Em dezembro de 2008, Eros Grau atendeu a um pedido da FUNAI e emitiu uma liminar que garantia a permanência dos indígenas nas fazendas, que naquele ponto eram já áreas autodemarcadas. No texto de seu despacho, Grau justificou a concessão da liminar "em razão da tensão social verificada na área" com "sérios riscos à comunidade indígena".

Naquele mesmo ano, Juraci Santana, um antigo cacique do povo, declarou ao Conselho Indigenista Missionário (CIMI) que, entre 1978 e 2008, pelo menos 20 lideranças foram assassinadas por defenderem a permanência na terra originária. Inseridos em um contexto de acentuada violência, os nativos foram vítimas frequentes de emboscadas, sequestros, torturas, estupros e assassinatos enquanto se colocavam contra a ocupação de latifundiários. Os nativos foram também alvos de difamação: afim de colocar a opinião pública contra o povo indígena, os latifundiários espalharam, por exemplo, o boato de que a cidade de Itaju do Colônia seria invadida pelos indígenas e o comércio saqueado. O boato foi investigado e desmentido pelo delegado de polícia da época.

Foi somente em 03 de maio de 2012 que o STF voltou a pautar a ação movida pela FUNAI e, por sete votos a um, anulou os 186 títulos de propriedades privadas que efetivamente existiam na reserva.

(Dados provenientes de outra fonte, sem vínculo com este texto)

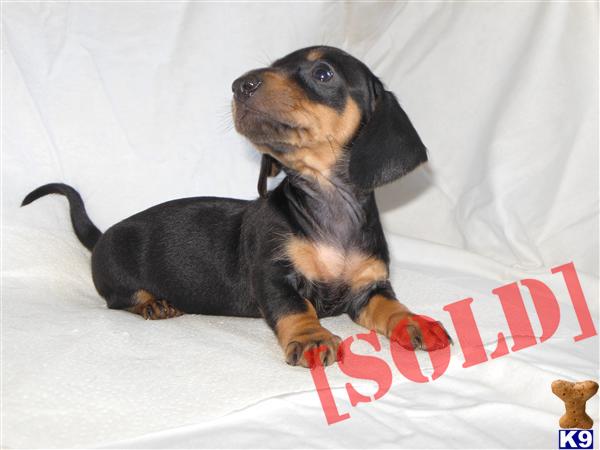 ♥♥♥♥Adorable Classic smooth Mini Dachshund female♥♥♥♥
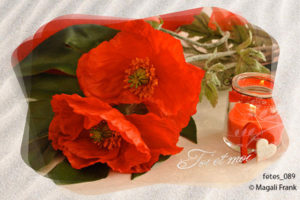 089_magali_frank_fleurange_fetes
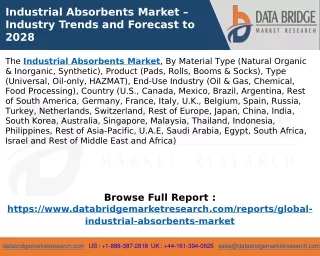 Industrial Absorbents Market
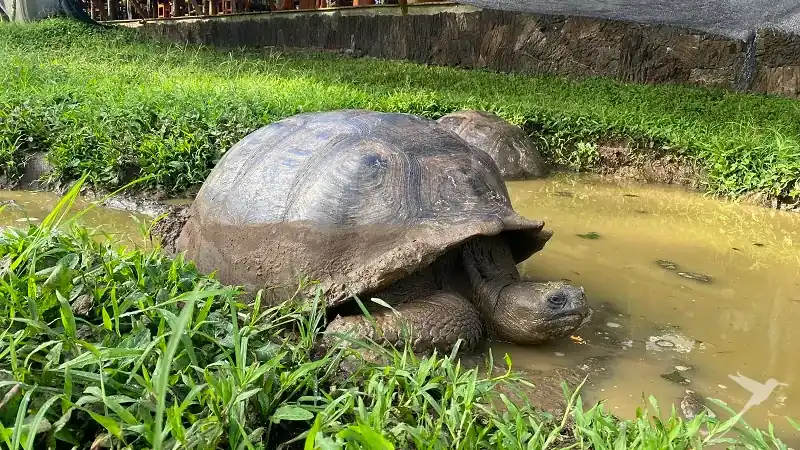 tortoise at reserve El Chato on Santa Cruz Island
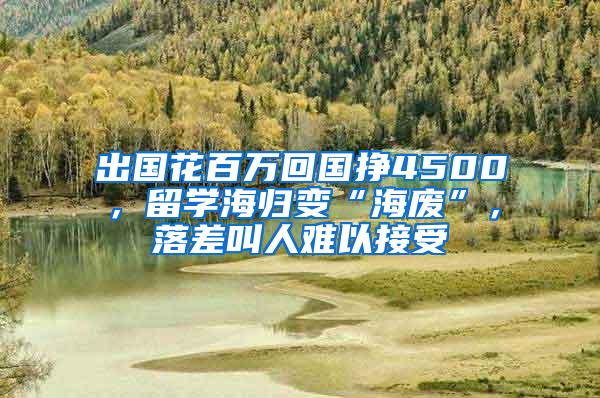 出国花百万回国挣4500，留学海归变“海废”，落差叫人难以接受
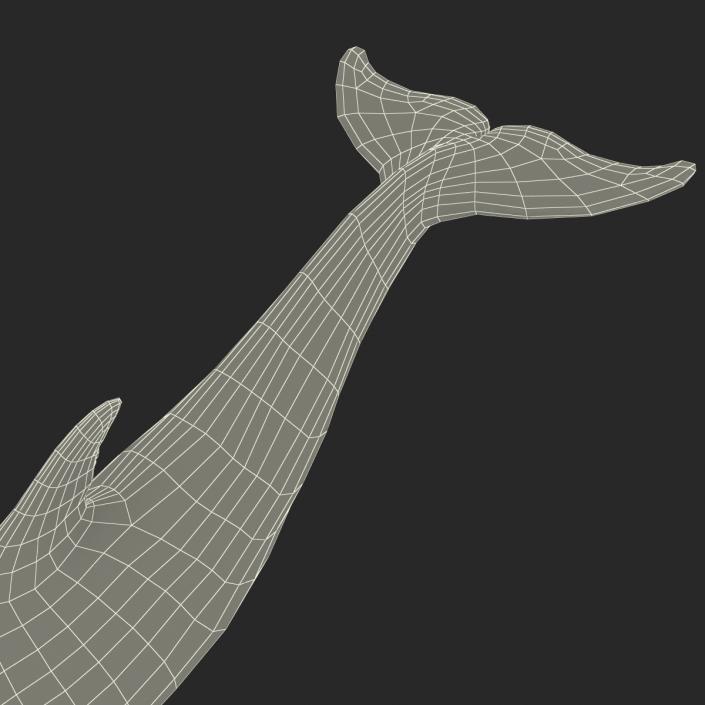 Dolphin Pose 3 3D model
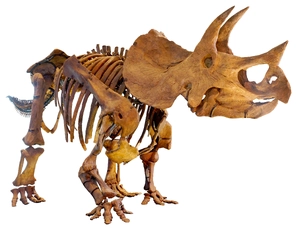 Triceratops — What is the most overrated dinosaur?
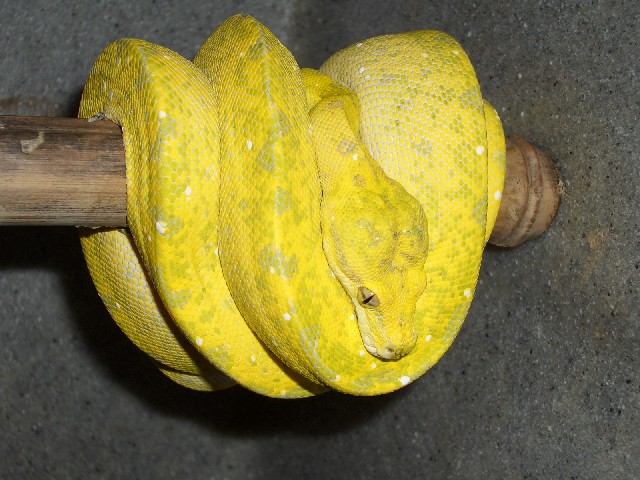 biak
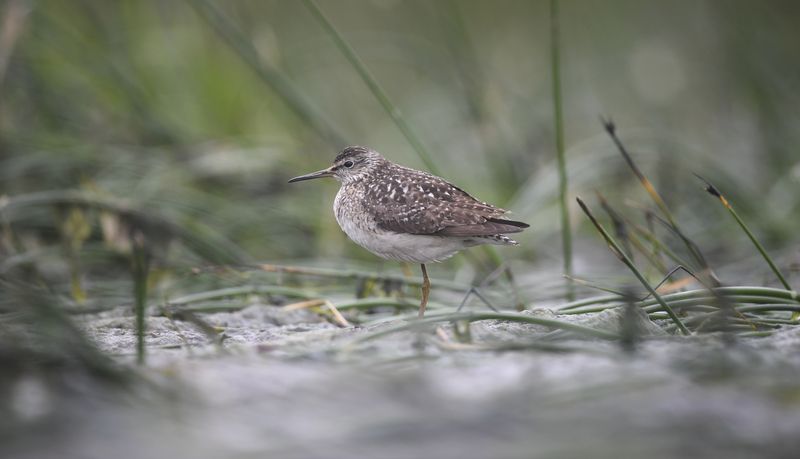 кулик, фифи, финский залив,  пасмурно, птица, bird, birds, wildlife, nature,  природа, snipe, В тишине фото превью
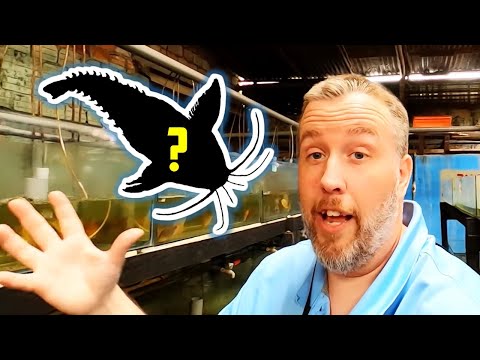 Amazing Finds at the Peruvian Exporter [Peru Collecting]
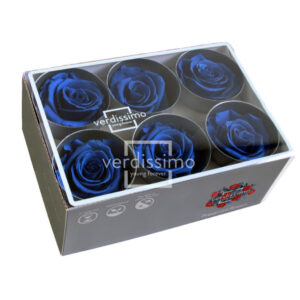 BOX TESTE DI ROSA D 6-6,5CM STABILIZ. PZ.6 blu-scuro (Cod. 8330-14)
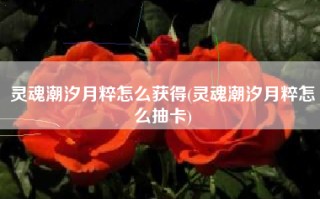 灵魂潮汐月粹怎么获得(灵魂潮汐月粹怎么抽卡)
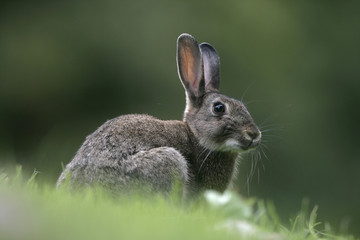 Canvas Print - Rabbit, Oryctolagus cuniculus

Grupo Pataxó Hã-Hã-Hãe, composto de pessoas de diferentes idades, incluindo crianças e idosos, posa para a foto em frente à uma casa branca.
Grupo Pataxó Hã-Hã-Hãe em fazenda retomada. Foto: Renato Santana, 2012.

A concessão de títulos de terras em áreas indígenas ocasionou o aumento exponencial da violência sofrida por essa população em terras suas por direito, desencadeando perseguições, dezenas de mortes, uma acentuada marginalização dos nativos e a diáspora de parte do povo indígena em busca de proteção. Pontuo aqui que a situação de forte insegurança no território não terminou ao fim do período de 30 anos em que o povo Pataxó Hãhãhãe esperou que a decisão do STF anulasse o criminoso esbulho das terras por parte do governo baiano. Ouvido pela Folha nos anos 2000, ACM (então senador) disse que não se lembrava de ter distribuído os títulos em seu governo: "Ignoro. Assinei dezenas de milhares de títulos quando era governador. Não acredito ter assinado. Se assinei, foi por erro de alguém que me passou." Mas, logo após, o senador se declarou "responsável por todos os atos" de seu governo. "Se fiz, foi por ter a convicção de que era o melhor a ser feito. Não vou ficar agora na bajulação de índio só porque está na moda".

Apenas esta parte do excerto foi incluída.